**Exercise objective:** Exactly as they appear below, repeat the lines from the one with "And this is a look" through the one with "These videos are". Drop every picture.

START Available data

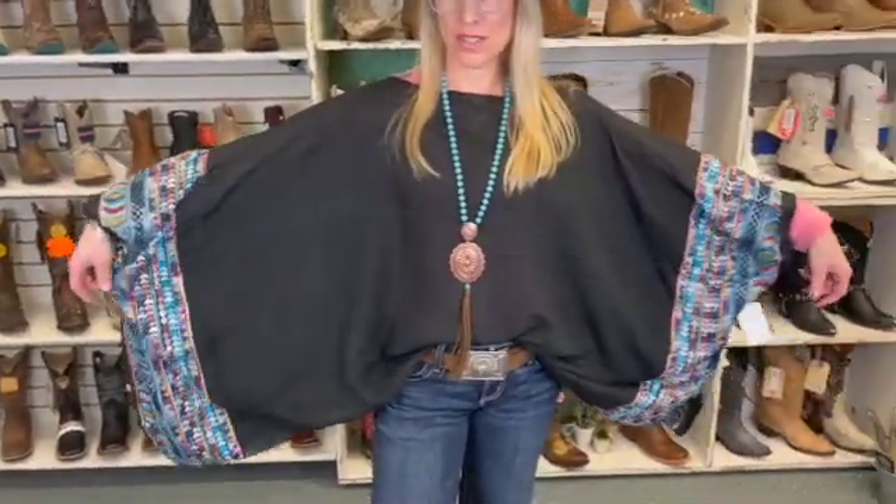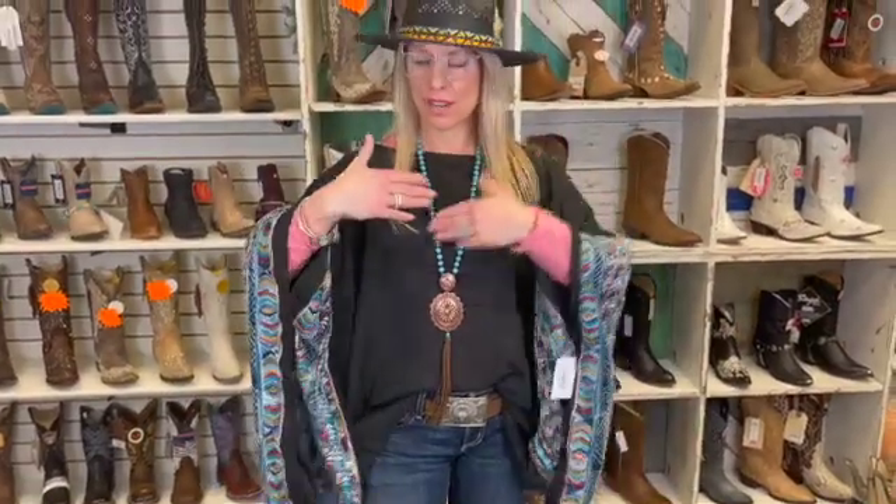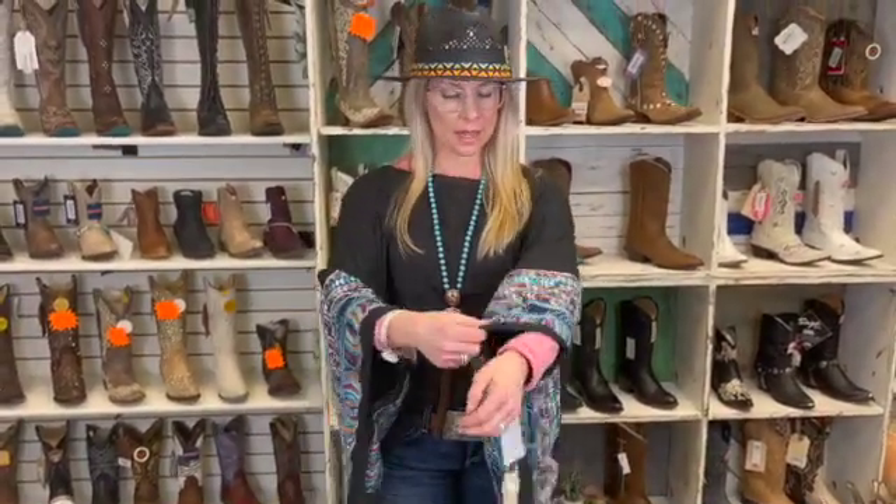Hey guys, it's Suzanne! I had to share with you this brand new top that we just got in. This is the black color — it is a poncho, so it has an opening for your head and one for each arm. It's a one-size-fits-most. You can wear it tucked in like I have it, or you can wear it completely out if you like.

END Available data
START Available data

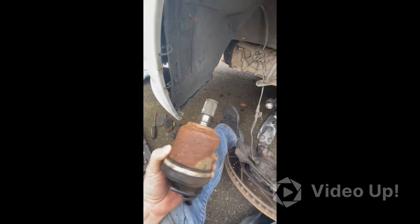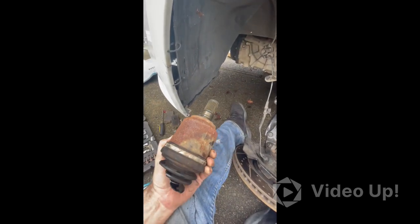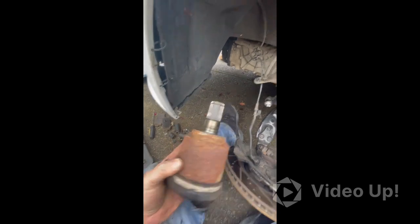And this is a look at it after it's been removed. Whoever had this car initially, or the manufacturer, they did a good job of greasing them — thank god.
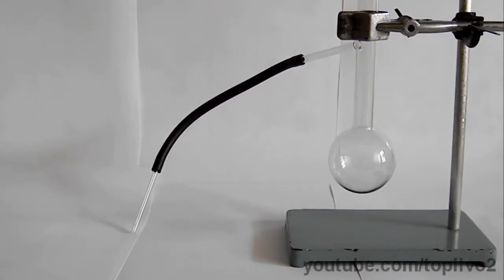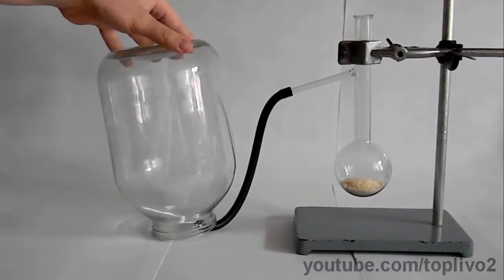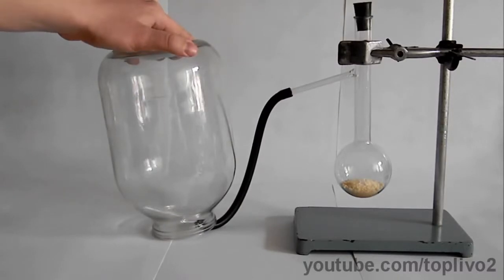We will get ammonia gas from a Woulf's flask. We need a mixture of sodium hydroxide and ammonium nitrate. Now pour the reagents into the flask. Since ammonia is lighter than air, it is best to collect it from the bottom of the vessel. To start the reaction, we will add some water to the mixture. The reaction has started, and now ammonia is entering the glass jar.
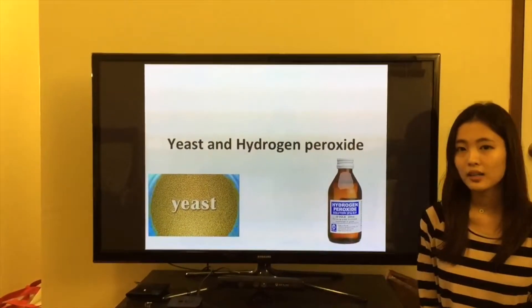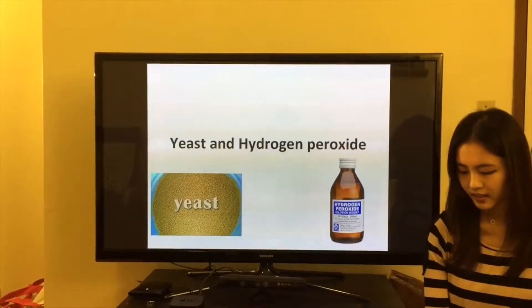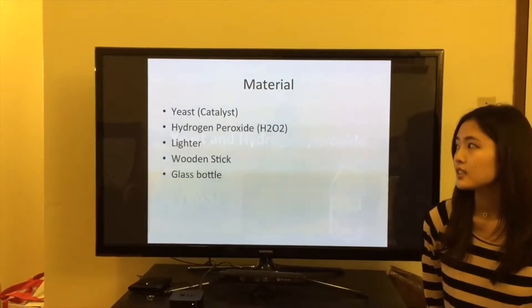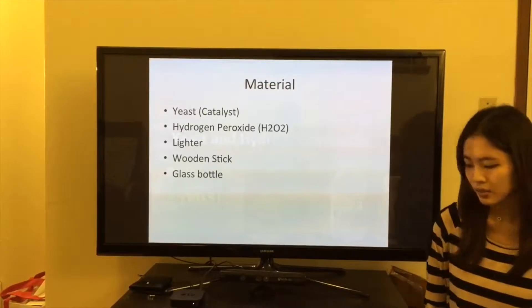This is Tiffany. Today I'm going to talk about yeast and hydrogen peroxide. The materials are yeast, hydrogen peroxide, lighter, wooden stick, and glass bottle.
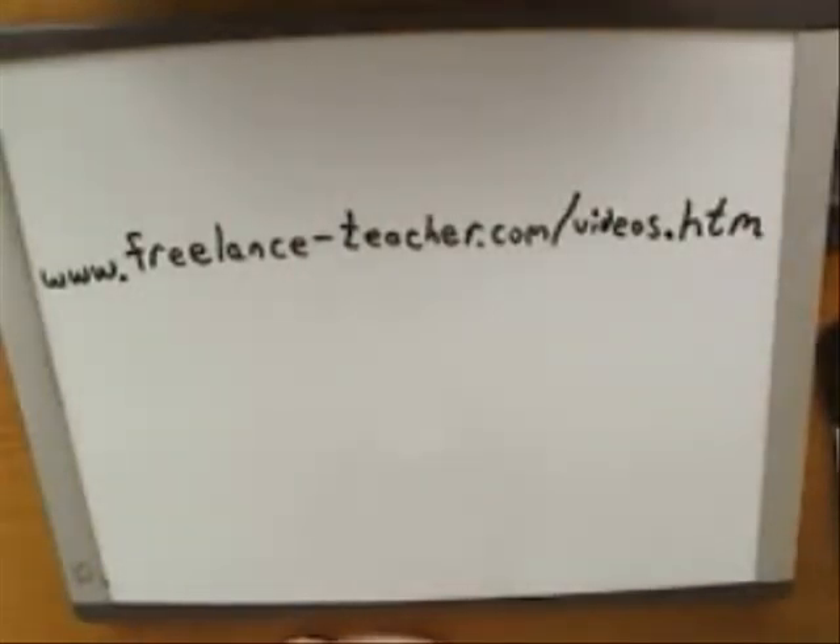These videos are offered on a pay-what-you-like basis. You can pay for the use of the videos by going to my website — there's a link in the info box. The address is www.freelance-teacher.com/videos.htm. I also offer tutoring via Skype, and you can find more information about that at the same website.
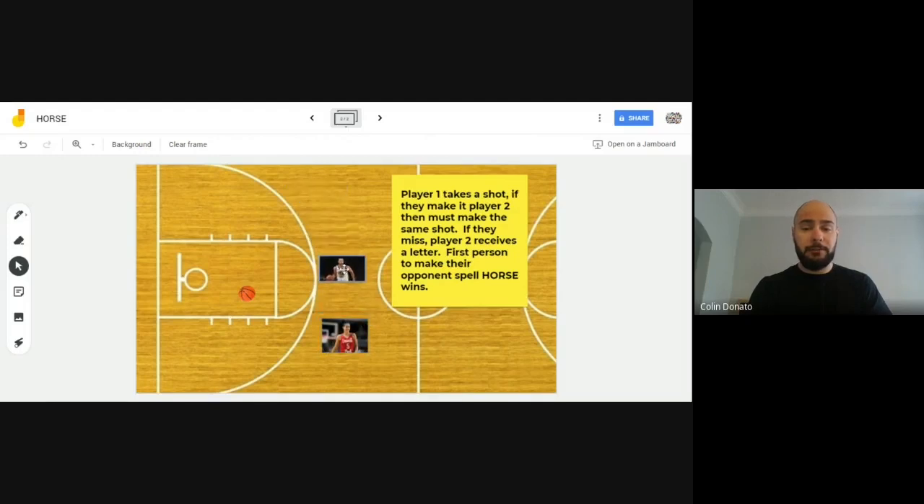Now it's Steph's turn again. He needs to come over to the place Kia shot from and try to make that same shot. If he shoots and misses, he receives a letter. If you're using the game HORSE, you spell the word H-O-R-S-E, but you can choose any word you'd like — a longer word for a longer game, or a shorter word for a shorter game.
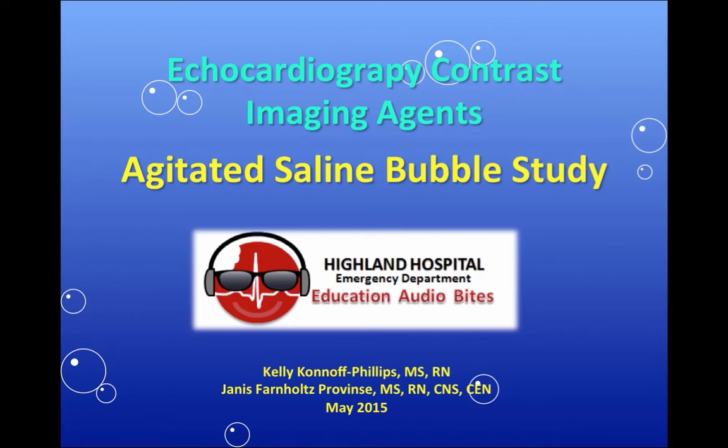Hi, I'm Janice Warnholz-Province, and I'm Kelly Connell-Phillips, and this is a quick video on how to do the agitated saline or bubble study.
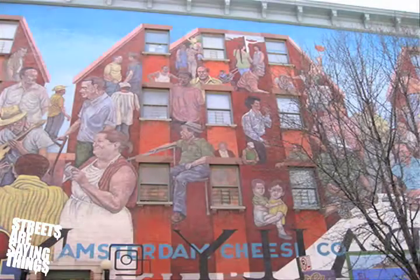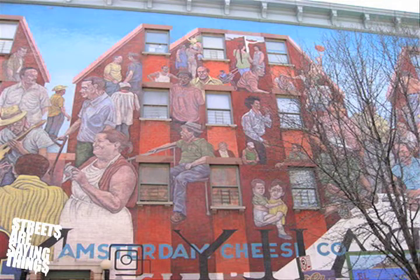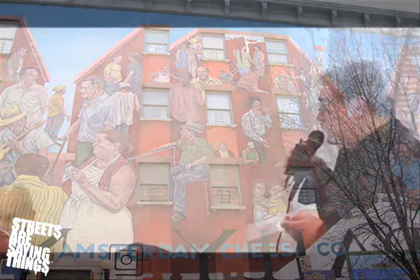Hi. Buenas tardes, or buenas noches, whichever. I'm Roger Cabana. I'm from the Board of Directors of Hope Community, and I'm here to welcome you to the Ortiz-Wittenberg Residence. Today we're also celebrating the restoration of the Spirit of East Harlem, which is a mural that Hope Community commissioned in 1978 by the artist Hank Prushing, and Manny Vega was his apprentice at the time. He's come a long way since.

END Available data

**Answer section:**
And this is a look at it after it's been removed. Whoever had this car initially, or the manufacturer, they did a good job of greasing them — thank god.
We will get ammonia gas from a Woulf's flask. We need a mixture of sodium hydroxide and ammonium nitrate. Now pour the reagents into the flask. Since ammonia is lighter than air, it is best to collect it from the bottom of the vessel. To start the reaction, we will add some water to the mixture. The reaction has started, and now ammonia is entering the glass jar.
This is Tiffany. Today I'm going to talk about yeast and hydrogen peroxide. The materials are yeast, hydrogen peroxide, lighter, wooden stick, and glass bottle.
These videos are offered on a pay-what-you-like basis. You can pay for the use of the videos by going to my website — there's a link in the info box. The address is www.freelance-teacher.com/videos.htm. I also offer tutoring via Skype, and you can find more information about that at the same website.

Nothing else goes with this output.